William’s son, John, provides two more possibilities – William and John.

At face value, none of these grandsons stands out as a more likely candidate than the other since their birth years (1690-1710) make them all reasonable prospects for having a child born in the early-to-mid-1730s. Therefore, I need to pick them apart the slow way, person by person.

Let’s look at the children of John Blackmer first, since there are only two possibilities here.

First, William Blackmer was born 20 December 1708. He married Sarah Norcott of Marshfield, Plymouth, Massachusetts after intentions were filed on 23 July 1738. Some have confused him with Peter’s son, born in 1699 because their adult lives overlapped and both had wives named Sarah.

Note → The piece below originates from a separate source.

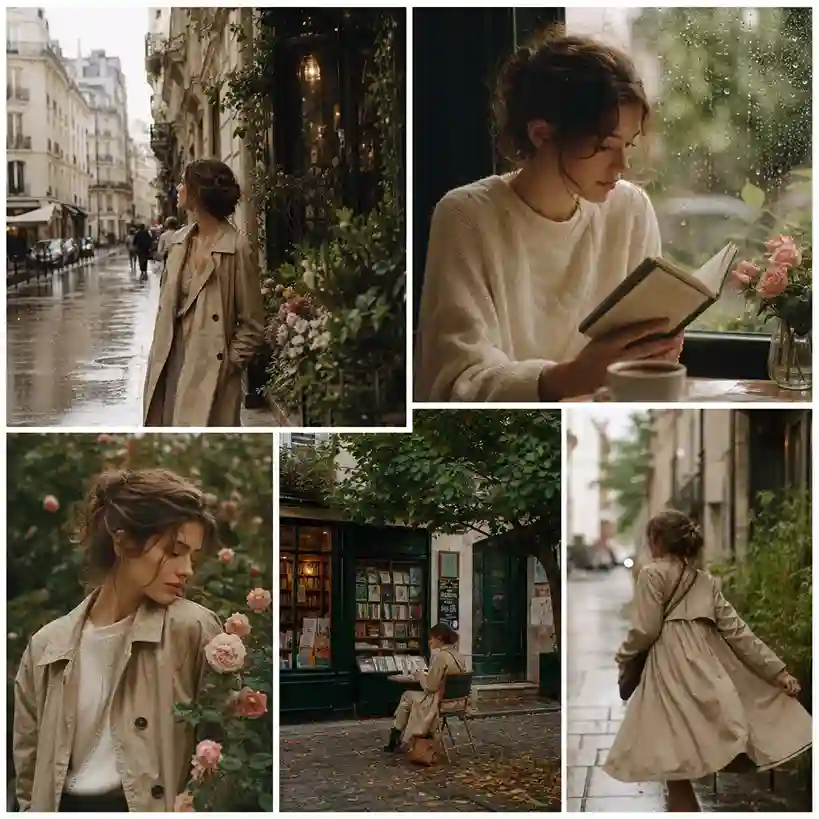 Image from Image References for New Stories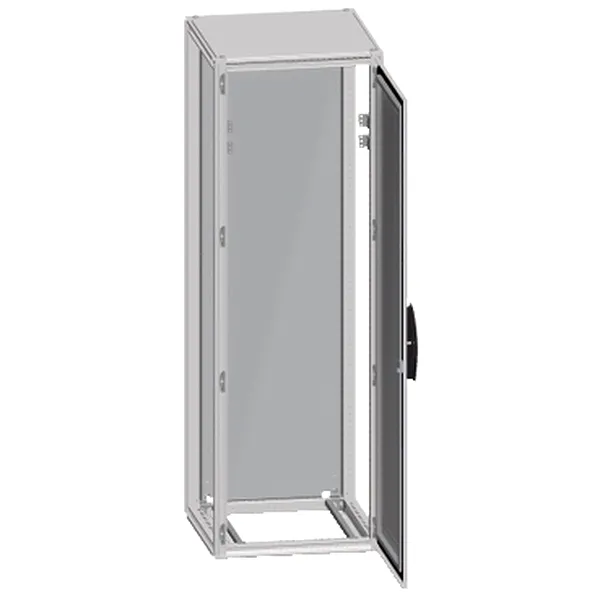 Set De 4 Suporturi Spacial Sf/Sm Pentru Instalarea Echipamentului Inalt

Rochester, Massachusetts Vital Records
Source: American Ancestors

Children, born in Wareham:

  1. Mary, born 4 October 1739
  2. Lydia, born 26 April 1741
  3. Sarah, born 12 February 1743; died 26 February 1743
  4. William, born 31 March 1744; died 30 April 1744
  5. Sarah, born 16 September 1745
  6. Ralph, born 30 July 1747; died 16 August 1747
  7. Experience, born 27 July 1748; died 11 September 1748
  8. John, born 17 March 1752; died 1 April 1752

Because William was almost 30 years old when he married Sarah Norcott, there is a possibility that he had an earlier marriage to a wife who died young, so I can’t rule him out entirely. If William married first about age 25, and a first wife died giving birth to a child, that child could have been born c1733-1737, which matches Rebecca’s estimated birth year range. This William will stay on the potential list for now.

John Blackmer’s other son, John, born 22 April 1710, married Sarah Holmes, 15 March 1731/32 in Plymouth, Plymouth, Massachusetts. This is a well documented line, as it ties into a Mayflower ancestor through one of their children. John died on 28 September 1794.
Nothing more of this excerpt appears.